Houston city attorneys change approach to sermon subpoenas

HOUSTON — Houston city attorneys are no longer seeking through subpoenas sermons from five pastors who publicly opposed an ordinance banning discrimination against gay and transgender residents.

Annise Parker
Annise Parker

Mayor Annise Parker said Friday that the city was backing off the sermon request but would not withdraw the subpoenas, which seek other information from the pastors as part of a lawsuit over a petition drive to repeal the equal rights ordinance.

“They were too broad,” Parker said at a news conference. “They were typical attorney language in a discovery motion. They were asking for everything but the kitchen sink.”

While the word “sermons” was being deleted from the subpoenas, the revised request for other speeches or presentations was appropriate, Parker said.

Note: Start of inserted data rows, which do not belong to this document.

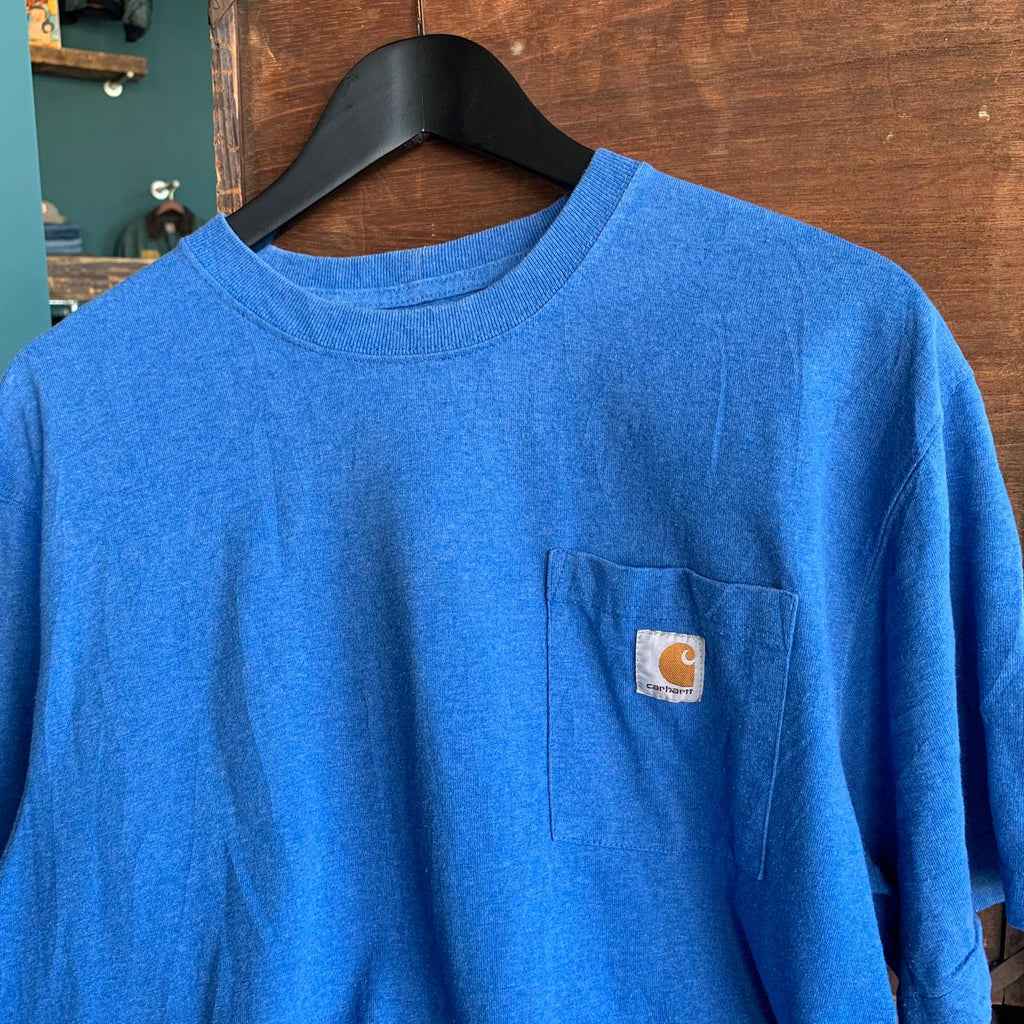 Mens Short Sleeve Blue Carhartt Tee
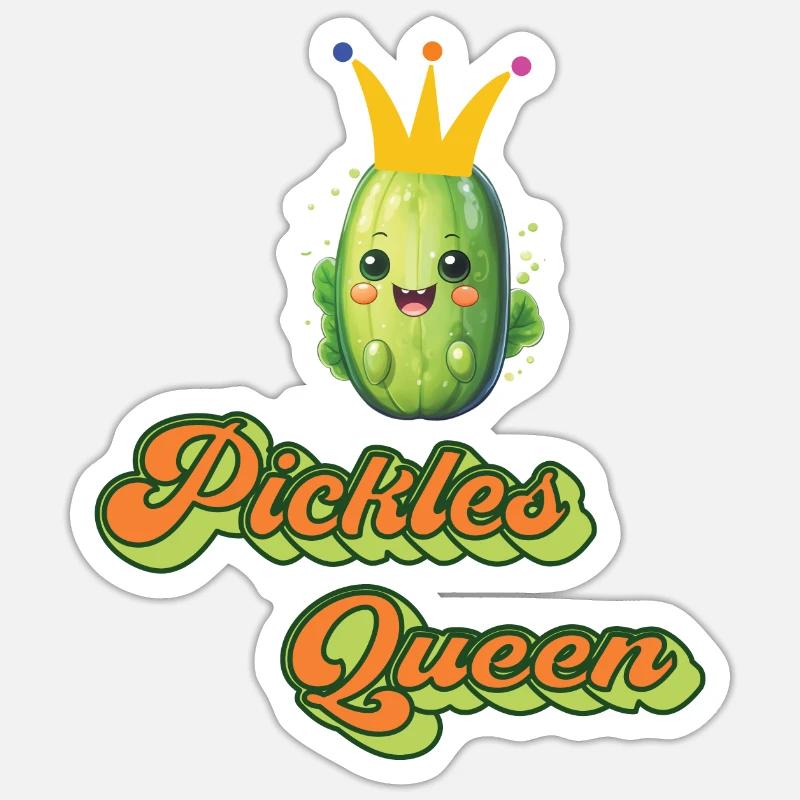 Cucumbers Sticker size S (10 x 10 cm)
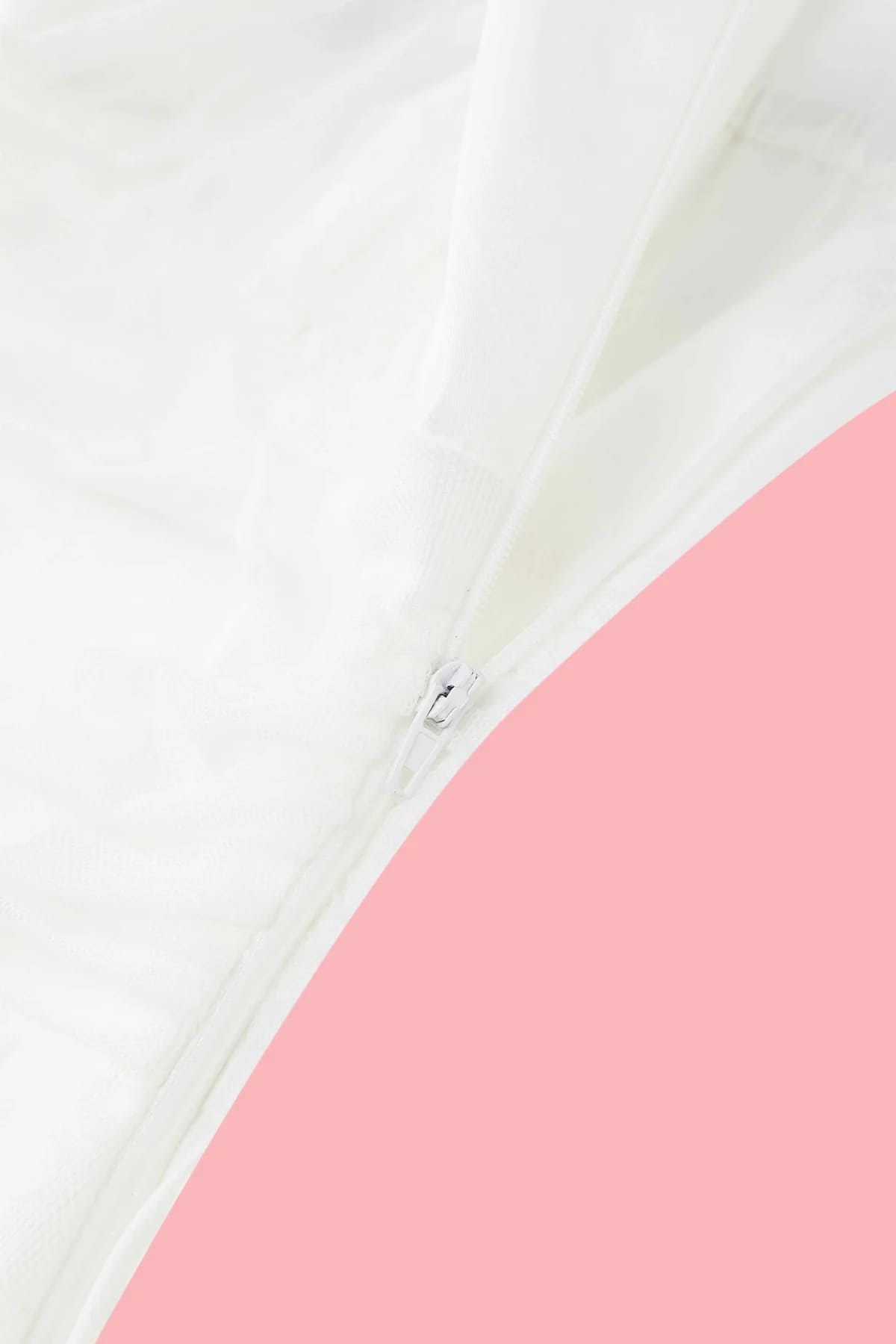 Robe Dos Nu "Dorothea White Polka Mesh" – Image 7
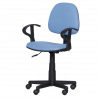 Детски стол Carmen 6012 T 3520028-3, До 70 кг, Газов механизъм, Полипропиленови колелца, Дамаска, Светлосин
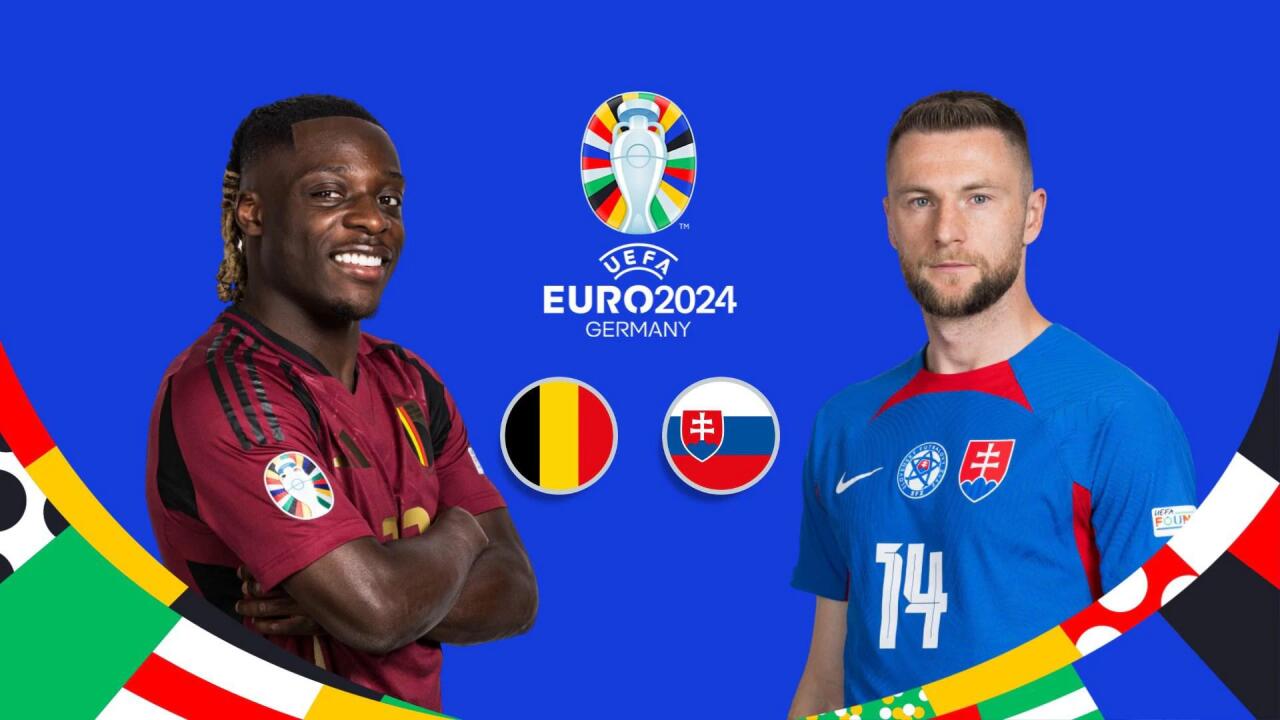 ЕВРО-2024: Бельгия против Словакии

“This is not about what anyone is preaching; this is not about their religion; it’s not about the free exercise of religion,” she said. “It is our right to defend the city and asking legitimate questions about the petition process.”

In May, the City Council passed the equal rights ordinance, which consolidates city bans on discrimination based on sex, race, age, religion and other categories and increases protections for gay and transgender residents. Parker, who is gay, and other supporters said the measure is about offering protections at the local level against all forms of discrimination in housing, employment and services provided by private businesses such as hotels and restaurants.

Religious institutions are exempt, but city attorneys recently subpoenaed the pastors, seeking all speeches, presentations or sermons related to the repeal petition.

Christian activists had sued after city officials ruled they didn’t collect enough signatures to get the question on the ballot. The city secretary initially counted enough signatures, but then city attorney David Feldman ruled that more than half of the pages of the petition were invalid.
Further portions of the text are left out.